Cost Optimization User Stories - MangaAssist Chatbot

Overview

This directory contains detailed user stories for cost optimization across every major service in the MangaAssist chatbot architecture. Each user story includes high-level design, low-level implementation details, Mermaid diagrams, and code examples.

User Stories

#	User Story	Primary Service	Estimated Savings
US-01	LLM Token Cost Optimization	Amazon Bedrock (Claude 3.5 Sonnet)	40-60% of LLM spend
US-02	Intent Classifier Cost Optimization	SageMaker Endpoint	50-70% of inference spend
US-03	Caching Strategy for Cost Reduction	ElastiCache Redis	30-50% of downstream API costs
US-04	Compute Cost Optimization	ECS Fargate + Lambda	35-55% of compute spend
US-05	DynamoDB Cost Optimization	DynamoDB	40-60% of storage/throughput costs
US-06	RAG Pipeline Cost Optimization	OpenSearch Serverless + Titan Embeddings	30-50% of RAG costs
US-07	Analytics Pipeline Cost Optimization	Kinesis + Redshift	40-60% of analytics spend
US-08	Traffic-Based Cost Optimization	Edge / Rate Limiter / Degraded Modes	20-35% of total infrastructure

Cost Distribution (Baseline Estimate)

pie title MangaAssist Monthly Cost Distribution (Before Optimization)
    "Bedrock LLM" : 35
    "ECS Fargate + Lambda" : 20
    "DynamoDB" : 10
    "OpenSearch Serverless" : 10
    "ElastiCache Redis" : 8
    "SageMaker (Intent)" : 7
    "Kinesis + Redshift" : 5
    "CloudFront + ALB" : 3
    "Other" : 2

How to Use

Start with US-01 (LLM Token Cost) — it targets the largest cost driver.
Read US-02 and US-03 next — they directly reduce LLM and downstream service calls.
Apply US-04 through US-08 based on your current cost profile.
Each user story is self-contained and can be implemented independently.

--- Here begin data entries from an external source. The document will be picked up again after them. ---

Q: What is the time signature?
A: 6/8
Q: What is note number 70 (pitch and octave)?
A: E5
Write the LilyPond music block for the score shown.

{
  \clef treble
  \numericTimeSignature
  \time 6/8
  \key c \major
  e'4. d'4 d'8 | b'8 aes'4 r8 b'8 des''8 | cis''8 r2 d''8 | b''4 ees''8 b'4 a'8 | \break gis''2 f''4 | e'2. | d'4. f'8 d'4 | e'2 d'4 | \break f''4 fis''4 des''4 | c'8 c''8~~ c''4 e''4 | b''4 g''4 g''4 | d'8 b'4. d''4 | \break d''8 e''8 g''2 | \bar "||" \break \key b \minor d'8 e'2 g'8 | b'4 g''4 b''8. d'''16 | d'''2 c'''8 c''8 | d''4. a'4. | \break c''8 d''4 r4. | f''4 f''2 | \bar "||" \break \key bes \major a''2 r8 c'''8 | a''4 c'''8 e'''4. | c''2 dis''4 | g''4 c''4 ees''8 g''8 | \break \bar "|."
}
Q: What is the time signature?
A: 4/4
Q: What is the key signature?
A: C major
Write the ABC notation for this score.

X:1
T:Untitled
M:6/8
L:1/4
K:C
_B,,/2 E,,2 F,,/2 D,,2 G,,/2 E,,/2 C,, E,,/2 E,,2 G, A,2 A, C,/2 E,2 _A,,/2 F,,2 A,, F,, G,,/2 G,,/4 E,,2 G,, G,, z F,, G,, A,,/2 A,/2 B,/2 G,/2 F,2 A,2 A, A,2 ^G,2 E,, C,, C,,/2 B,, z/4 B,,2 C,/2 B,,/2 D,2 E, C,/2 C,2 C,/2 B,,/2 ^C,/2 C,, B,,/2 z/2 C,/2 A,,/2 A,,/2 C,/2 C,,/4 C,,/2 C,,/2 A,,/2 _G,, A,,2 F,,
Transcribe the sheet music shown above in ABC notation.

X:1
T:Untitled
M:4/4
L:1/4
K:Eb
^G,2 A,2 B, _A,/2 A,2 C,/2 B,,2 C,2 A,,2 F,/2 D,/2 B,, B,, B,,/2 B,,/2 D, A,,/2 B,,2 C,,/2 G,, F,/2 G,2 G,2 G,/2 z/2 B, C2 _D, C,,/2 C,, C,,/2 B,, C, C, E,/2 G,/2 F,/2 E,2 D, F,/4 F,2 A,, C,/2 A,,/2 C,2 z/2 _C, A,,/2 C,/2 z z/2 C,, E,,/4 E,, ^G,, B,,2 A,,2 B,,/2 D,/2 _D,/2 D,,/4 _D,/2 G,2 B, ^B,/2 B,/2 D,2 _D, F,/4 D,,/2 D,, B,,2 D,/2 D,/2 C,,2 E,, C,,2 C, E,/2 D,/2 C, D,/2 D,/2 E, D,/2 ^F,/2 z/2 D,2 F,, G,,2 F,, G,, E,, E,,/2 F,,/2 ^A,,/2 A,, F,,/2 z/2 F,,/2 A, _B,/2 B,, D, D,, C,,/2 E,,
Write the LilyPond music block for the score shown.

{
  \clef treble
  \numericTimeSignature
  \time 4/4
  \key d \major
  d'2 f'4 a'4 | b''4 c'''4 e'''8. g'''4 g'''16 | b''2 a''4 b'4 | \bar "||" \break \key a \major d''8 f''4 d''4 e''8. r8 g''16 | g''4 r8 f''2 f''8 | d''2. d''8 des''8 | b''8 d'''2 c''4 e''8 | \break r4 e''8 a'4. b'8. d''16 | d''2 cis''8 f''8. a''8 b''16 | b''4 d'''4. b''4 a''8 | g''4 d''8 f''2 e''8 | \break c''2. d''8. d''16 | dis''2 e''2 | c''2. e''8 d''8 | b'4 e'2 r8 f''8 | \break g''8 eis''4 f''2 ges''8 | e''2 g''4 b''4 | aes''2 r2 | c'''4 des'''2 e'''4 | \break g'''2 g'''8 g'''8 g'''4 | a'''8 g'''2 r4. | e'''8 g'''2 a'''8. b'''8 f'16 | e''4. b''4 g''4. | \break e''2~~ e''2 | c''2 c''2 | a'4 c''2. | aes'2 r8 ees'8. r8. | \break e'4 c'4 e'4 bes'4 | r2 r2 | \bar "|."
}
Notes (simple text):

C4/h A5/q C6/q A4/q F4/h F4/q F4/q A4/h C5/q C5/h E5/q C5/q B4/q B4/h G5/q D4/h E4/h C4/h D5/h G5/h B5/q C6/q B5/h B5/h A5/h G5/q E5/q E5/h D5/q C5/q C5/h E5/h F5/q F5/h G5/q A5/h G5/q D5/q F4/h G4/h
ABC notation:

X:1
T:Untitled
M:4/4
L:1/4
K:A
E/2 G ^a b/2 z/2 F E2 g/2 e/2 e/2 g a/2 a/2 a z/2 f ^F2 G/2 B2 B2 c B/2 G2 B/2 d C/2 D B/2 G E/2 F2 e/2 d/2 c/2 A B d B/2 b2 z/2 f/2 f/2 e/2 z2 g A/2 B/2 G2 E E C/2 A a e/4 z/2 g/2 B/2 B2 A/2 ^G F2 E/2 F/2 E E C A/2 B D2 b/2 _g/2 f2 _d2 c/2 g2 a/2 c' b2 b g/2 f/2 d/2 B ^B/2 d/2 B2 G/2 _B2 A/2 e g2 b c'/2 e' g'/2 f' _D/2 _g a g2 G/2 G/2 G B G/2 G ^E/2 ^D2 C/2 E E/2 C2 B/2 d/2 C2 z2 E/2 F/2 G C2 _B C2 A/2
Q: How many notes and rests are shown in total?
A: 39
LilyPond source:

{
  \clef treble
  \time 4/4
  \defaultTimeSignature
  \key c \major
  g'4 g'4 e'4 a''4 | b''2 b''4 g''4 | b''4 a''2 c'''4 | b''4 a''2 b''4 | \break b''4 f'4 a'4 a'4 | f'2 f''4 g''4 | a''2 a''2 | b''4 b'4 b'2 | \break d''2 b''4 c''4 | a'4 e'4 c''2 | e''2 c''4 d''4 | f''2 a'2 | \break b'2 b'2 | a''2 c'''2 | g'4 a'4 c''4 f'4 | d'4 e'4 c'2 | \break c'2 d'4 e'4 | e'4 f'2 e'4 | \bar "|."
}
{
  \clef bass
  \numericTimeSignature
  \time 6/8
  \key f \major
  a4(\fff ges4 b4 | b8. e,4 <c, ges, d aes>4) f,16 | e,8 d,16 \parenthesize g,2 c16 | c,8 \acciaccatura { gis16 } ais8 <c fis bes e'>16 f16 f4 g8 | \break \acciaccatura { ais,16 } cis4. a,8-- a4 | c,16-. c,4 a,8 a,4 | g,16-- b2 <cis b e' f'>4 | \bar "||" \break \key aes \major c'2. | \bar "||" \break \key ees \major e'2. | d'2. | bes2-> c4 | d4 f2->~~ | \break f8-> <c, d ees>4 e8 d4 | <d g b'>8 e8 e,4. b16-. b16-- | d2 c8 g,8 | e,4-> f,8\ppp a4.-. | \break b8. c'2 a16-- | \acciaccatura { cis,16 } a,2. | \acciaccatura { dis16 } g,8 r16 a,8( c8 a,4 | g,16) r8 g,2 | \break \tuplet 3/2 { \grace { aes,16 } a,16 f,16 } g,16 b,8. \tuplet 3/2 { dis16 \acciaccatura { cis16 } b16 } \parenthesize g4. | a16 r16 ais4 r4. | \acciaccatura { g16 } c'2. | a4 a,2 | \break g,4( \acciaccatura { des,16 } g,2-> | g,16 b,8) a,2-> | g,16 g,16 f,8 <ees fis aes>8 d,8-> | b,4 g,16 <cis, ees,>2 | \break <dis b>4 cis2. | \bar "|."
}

Relationship to Architecture

These user stories map directly to the components described in:

04-architecture-hld.md — High-level architecture
04b-architecture-lld.md — Low-level design

Dependency & Sequencing Graph

The 8 stories are not independent. Some are shared infrastructure that other stories depend on; some are outer control loops that wrap the others. Implementing in the wrong order creates either dead optimizations (no cost telemetry to evaluate them) or runaway risk (no circuit breaker to bound them).

graph TB
    US08[US-08 Traffic-Based<br>Outer cost-control loop]
    US07[US-07 Analytics<br>Cost telemetry pipeline]
    US03[US-03 Caching<br>Shared Redis tier]
    US02[US-02 Intent Classifier<br>Intent label provider]
    US01[US-01 LLM Tokens<br>Bedrock optimization]
    US04[US-04 Compute<br>Fargate + Lambda]
    US05[US-05 DynamoDB<br>Session-state lifecycle]
    US06[US-06 RAG<br>OpenSearch + Titan]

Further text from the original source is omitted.